If the award has been rendered outside Germany, recognition and enforcement is governed exclusively by the provisions of the New York Convention on the Recognition and Enforcement of Foreign Arbitral Awards (1958) (section 1061 (1) ZPO).
Under Italian law, any award issued in Italy is automatically recognized if it meets the requirements of art. 823 of the Italian Civil Procedural Code, namely that the award must be in writing, signed and decided by majority of the arbitrators. The award is null and void if it does not contain a summary of the reasoning, the final decision and the arbitrators’ signature. The signature of the majority is sufficient, provided that it is noted that the decision was taken in the presence of all the arbitrators and that it states expressly that the other arbitrators were either unwilling or unable to sign.

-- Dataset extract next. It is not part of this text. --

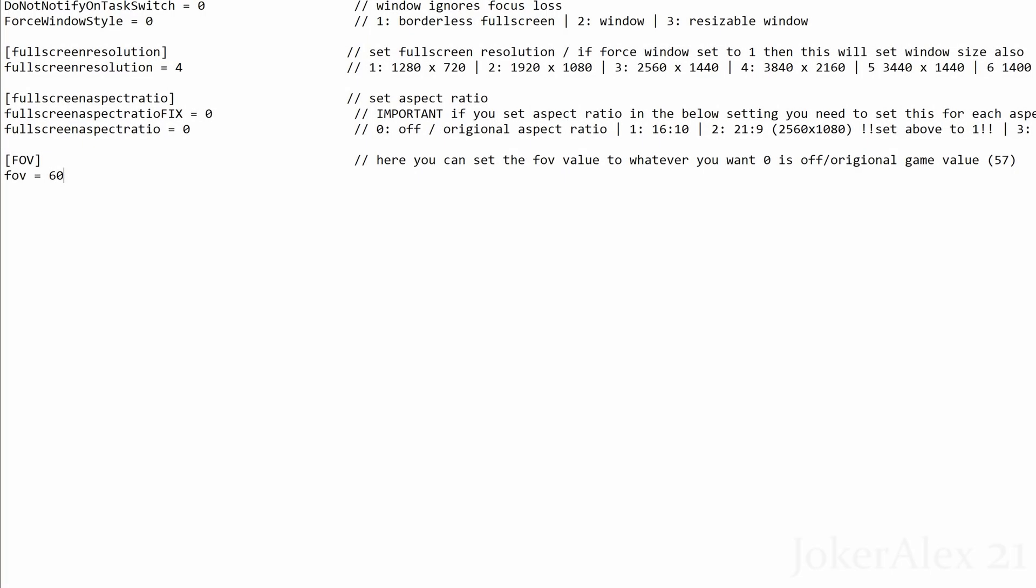And then the final option here is field of view. So this is where you can change your field of view that you wish to play the game at. By default the game uses a field of view of 57. I recommend if you're going to go up to a higher field of view you go up to 60. 65 tends to be reasonably okay as well.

The recognition of non-Italian awards is governed by the relevant conventions ratified by Italy.
An award shall be recognised and enforced where a tribunal with jurisdiction, pursuant to a valid arbitral agreement, made it.
An award made pursuant to the 2010 Act shall be binding on the parties between whom it is made. Under section 23 of the Act, an award made by an arbitrator or by an arbitral tribunal shall be enforceable and where leave is given by the High Court, judgment may be entered in the terms of the award.
Recognition or enforcement of an arbitration award in Poland requires following a special procedure initiated upon application of an interested party. The application should be accompanied by the original or a copy certified by the arbitration court of the award or settlement reached before the arbitral tribunal, as well as the original or an officially certified copy of the arbitration agreement. If the award, settlement or agreement is not in Polish, the party shall provide a certified translation.
The respondent has two weeks after service of the application for recognition or enforcement to present its position to the court.
The application will be considered by the competent court of appeal, which will rule on recognition or enforcement of the arbitration award or settlement concluded before an arbitral tribunal, regardless of whether the tribunal was seated in Poland or abroad.
In the case of domestic awards or settlements, an interlocutory appeal is available to a different panel of judges of the same court of appeal. For foreign awards or settlements, the ruling of the court of appeal is legally final, but it is permissible to file a cassation appeal with the Supreme Court.